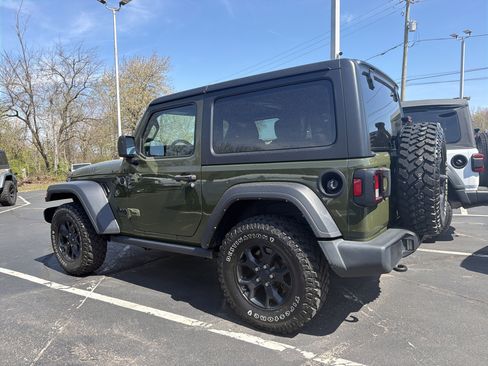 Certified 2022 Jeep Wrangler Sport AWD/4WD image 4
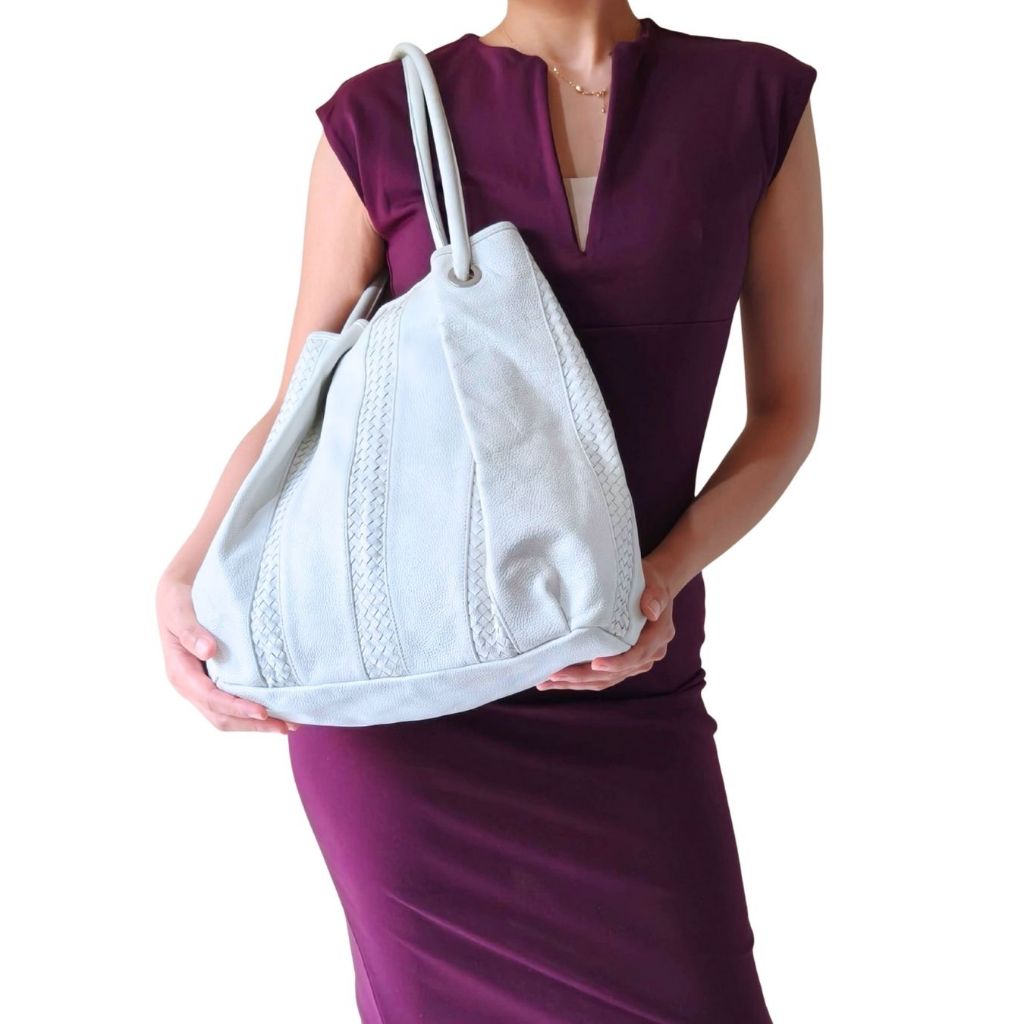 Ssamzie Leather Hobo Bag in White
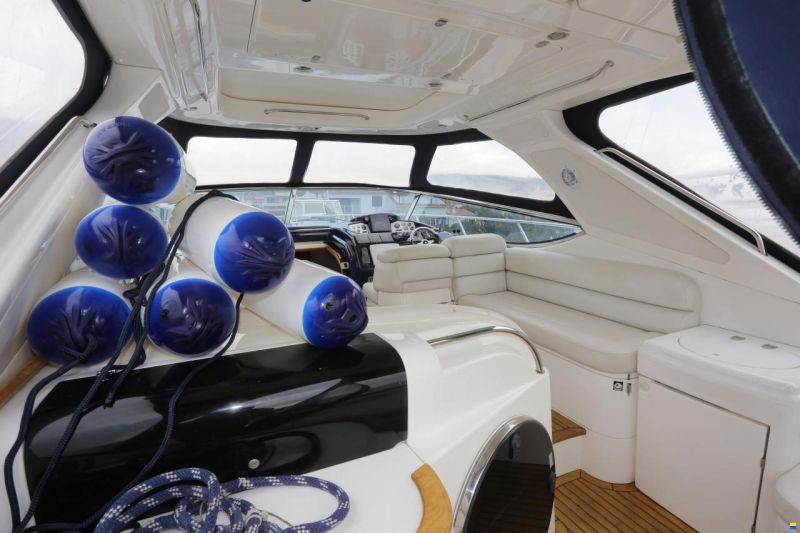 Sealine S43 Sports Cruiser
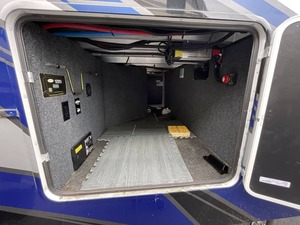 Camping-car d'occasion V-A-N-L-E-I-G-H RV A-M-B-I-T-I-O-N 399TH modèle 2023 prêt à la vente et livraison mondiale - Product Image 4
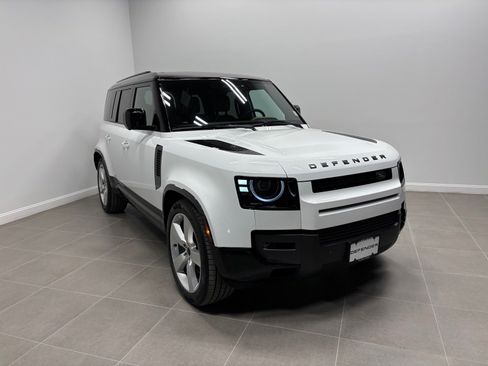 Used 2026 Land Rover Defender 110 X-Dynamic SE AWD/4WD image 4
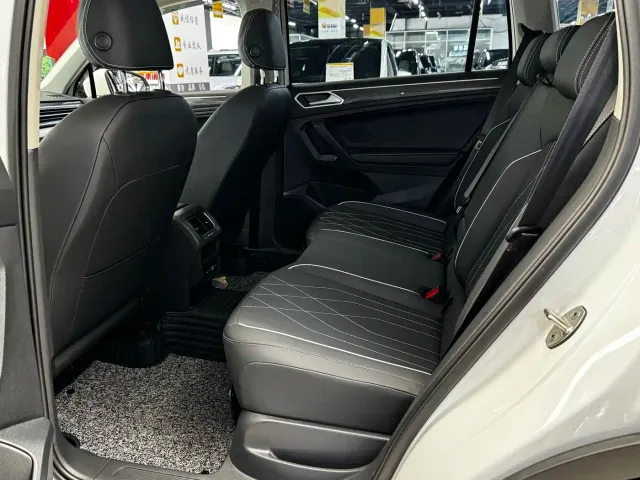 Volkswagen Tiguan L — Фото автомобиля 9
* * * *
## [Task details]
Retype each record exactly as it appears above and drop the images.

## [Reply]
 Certified 2022 Jeep Wrangler Sport AWD/4WD image 4
 Ssamzie Leather Hobo Bag in White
 Sealine S43 Sports Cruiser
 Camping-car d'occasion V-A-N-L-E-I-G-H RV A-M-B-I-T-I-O-N 399TH modèle 2023 prêt à la vente et livraison mondiale - Product Image 4
 Used 2026 Land Rover Defender 110 X-Dynamic SE AWD/4WD image 4
 Volkswagen Tiguan L — Фото автомобиля 9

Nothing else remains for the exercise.